DATASET CONTENT:
>>
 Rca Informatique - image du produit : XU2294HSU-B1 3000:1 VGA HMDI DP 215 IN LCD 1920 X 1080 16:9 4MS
<<
>>
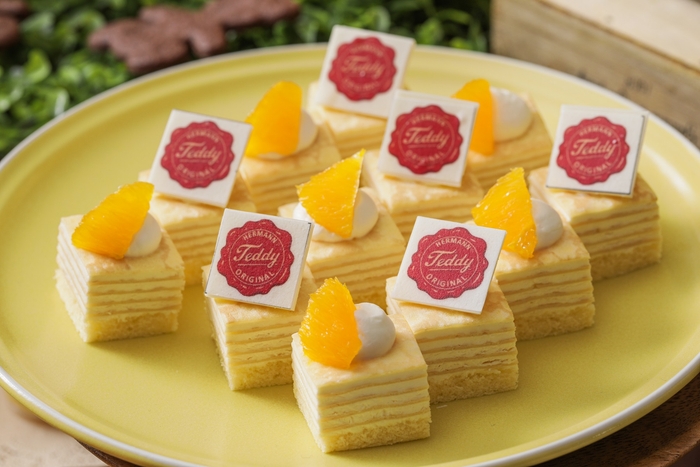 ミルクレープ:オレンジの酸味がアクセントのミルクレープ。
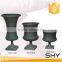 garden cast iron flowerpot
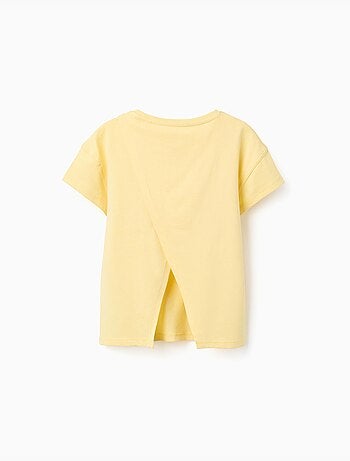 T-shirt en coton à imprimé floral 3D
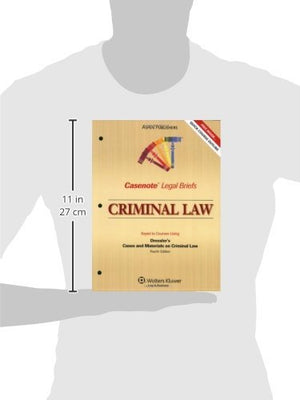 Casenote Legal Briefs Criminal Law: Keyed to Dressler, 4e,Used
<<
WHAT TO DO: Going back to the data above, write out everything from the line with "T-shirt en coton à imprimé floral 3D" down to the line with "Casenote Legal Briefs", both included, leaving every picture out.

ANSWER BOX:
 T-shirt en coton à imprimé floral 3D
 Casenote Legal Briefs Criminal Law: Keyed to Dressler, 4e,Used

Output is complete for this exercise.